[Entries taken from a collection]
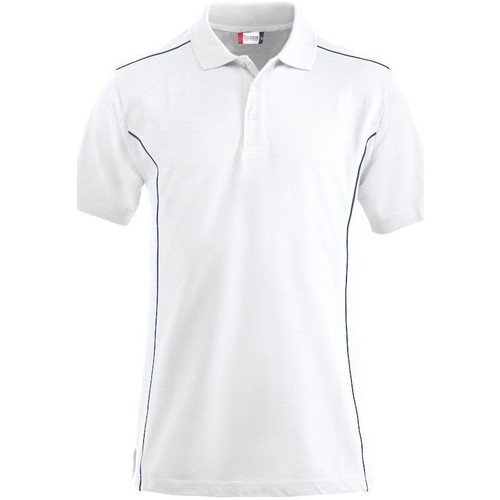 Vêtements Homme T-shirts & Polos C-Clique New Conway Blanc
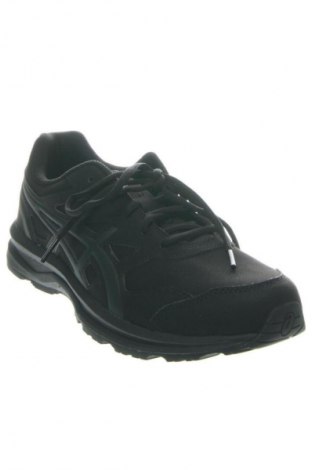 Herrenschuhe ASICS, Größe 42, Farbe Schwarz, Preis 102,99 €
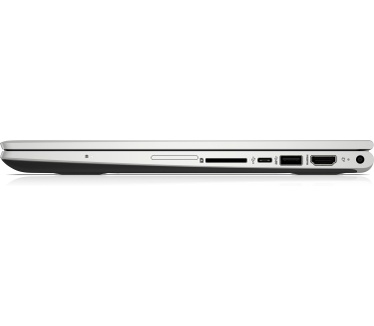 HP Pavilion x360 14-cd0216nb (Belgisch model)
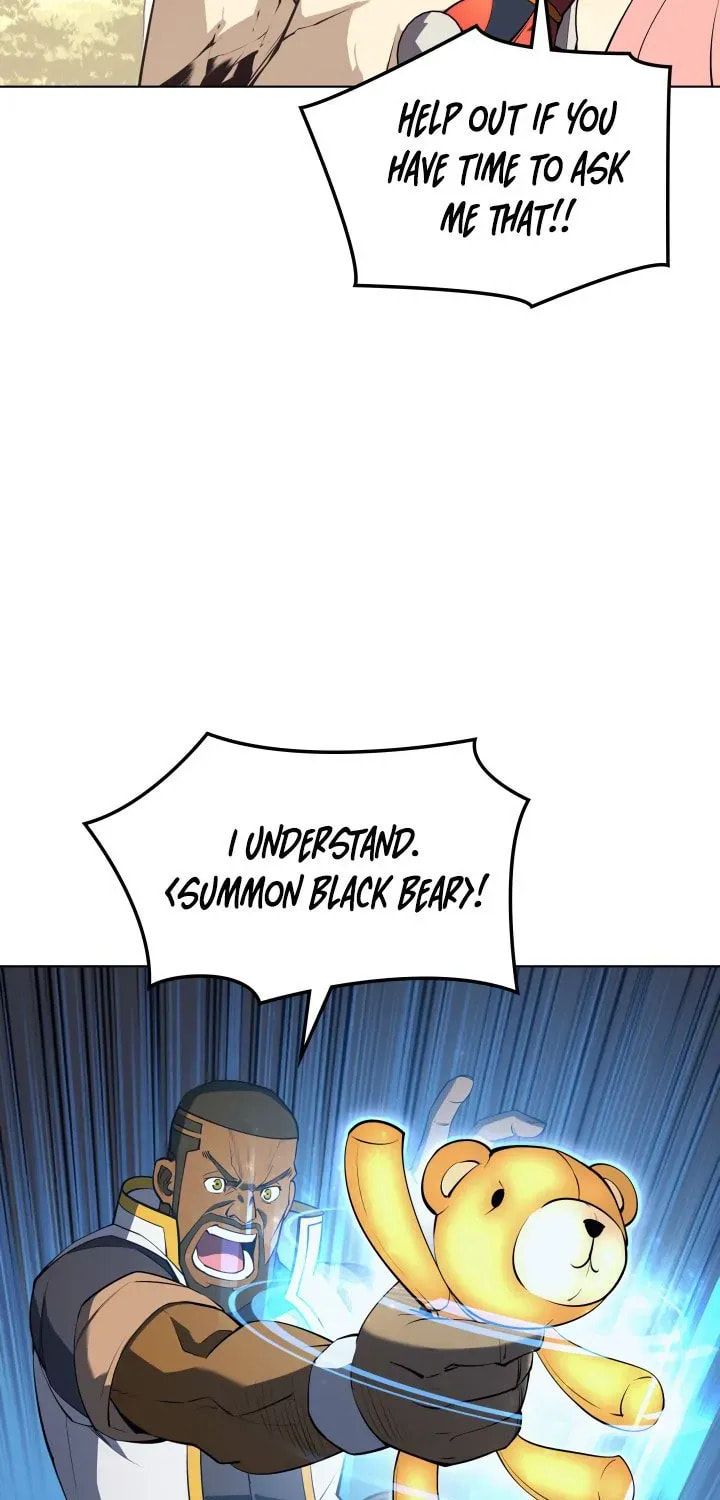 Overgeared (Team Argo), chapter 69.1, page 77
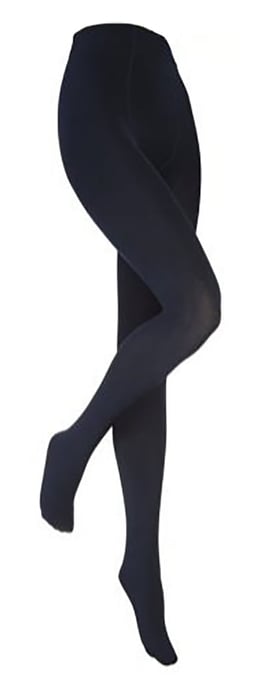 Heat Holders - Mallas térmicas gruesas para mujer - Image 1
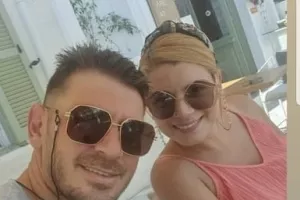 Άγγελος/Αμαλία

> **Task to carry out**
The answer must be an exact copy of the lines from the one that holds "Overgeared (Team Argo), chapter" through the end of the data, both included, with no pictures.

> **Completed task**
 Overgeared (Team Argo), chapter 69.1, page 77
 Heat Holders - Mallas térmicas gruesas para mujer - Image 1
 Άγγελος/Αμαλία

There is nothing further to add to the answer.